His true form is that of a chimera and has a strong instinct of survival of the fittest, so he doesn't hate human for destroying the world and after the battle he serves as a Shikifu bank and receives the name "Shin" in volume 6. He finds Akira's father dangerous.

==Kijyuu==
- Tsukuyomi
Rei's Kijyuu, a black cat
- Gao
Moe's Kijyuu, a white dog, turns into a werewolf in battle.
- Benjamin
Koyomi's Kijyuu, looks like a cross between a rabbit and dog, he can transform into a large form to fight. He likes Akira.
- Ryuta
Satsuki's Kijyuu, a baby dragon, becomes a large dragon in battle
- Hien
Nanayo's Kijyuu, a butterfly that can transform into twin crescent blades.

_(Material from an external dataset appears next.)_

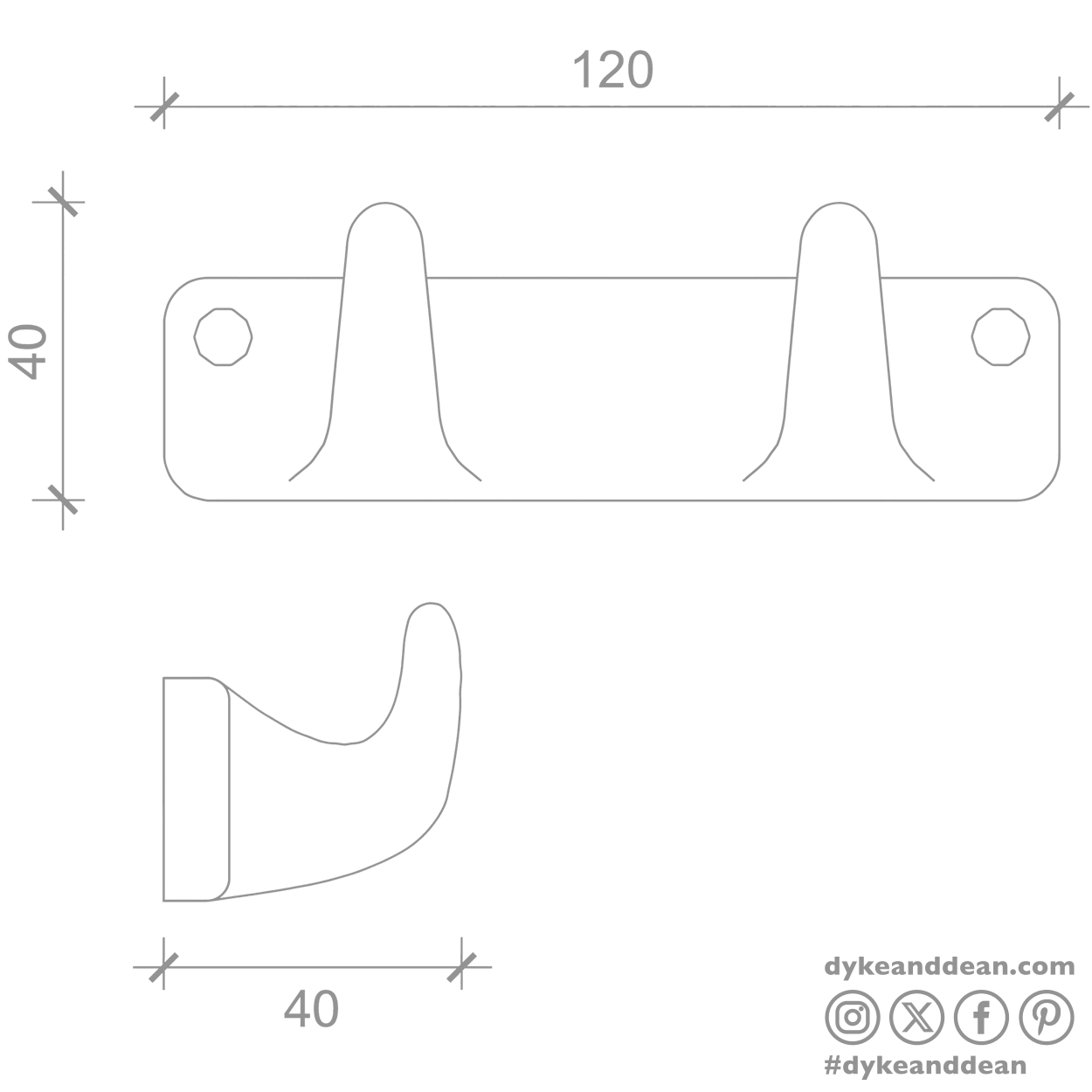 WHITE PORCELAIN HOOK 2 - DYKE & DEAN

She can summon 3 of them
- Water Orge
Rinsho's Kijyuu, a snake/dinosaur looking creature, has an extendable horn and can turn into a lance

==Season abilities==
===Spring===
- March
Has the ability to control plants. Has special power to control the wind and cherry blossoms and can also use lighting incantations.
- April
Mid-spring month. Has the ability to control earth, can also use lighting, plant, and magnetic incantations
- May
Has the ability to control light. Has special ability to control heat, can also use plant incantations. Has most powerful attacks and is fastest, but lacks precision and defense

===Summer===
- June
Has the ability to control Liquids. Has special power to control decay and can also use defense incantations
- July
Has the ability to control Heat. Can also use lighting incantations. It is the opposite of January
- August
Has the ability to amplify, manipulate and shoot Spirit power. Can also use healing and illusion incantations.

===Fall===
- September
Has the ability to control Air. Has special power to control gravity and typhoons and can also control wind and has strong offensive spells.
- October
Has the ability to control Metal. Can also use lighting incantations and Special Defense abilities. It is the opposite of April
- November
Has the ability to control Sound. Has special power to control colors and can also use cold temperature incantations. Has many abilities to affect senses.

=== Winter ===
- December
Has the ability to control and communicate with animals. Has incantations to arm people. Has special abilities to control thoughts and can also use defense incantations.
- January
Mid-Winter month and has the ability to control Ice. Can also use lighting and illusion incantations.
- February
Has the ability to amplify, manipulate and shoot Chi. Has special ability to heal and can also use illusion incantations.

==Reception==

Katherine Dacey felt that the manga borrowed its environmental themes from X.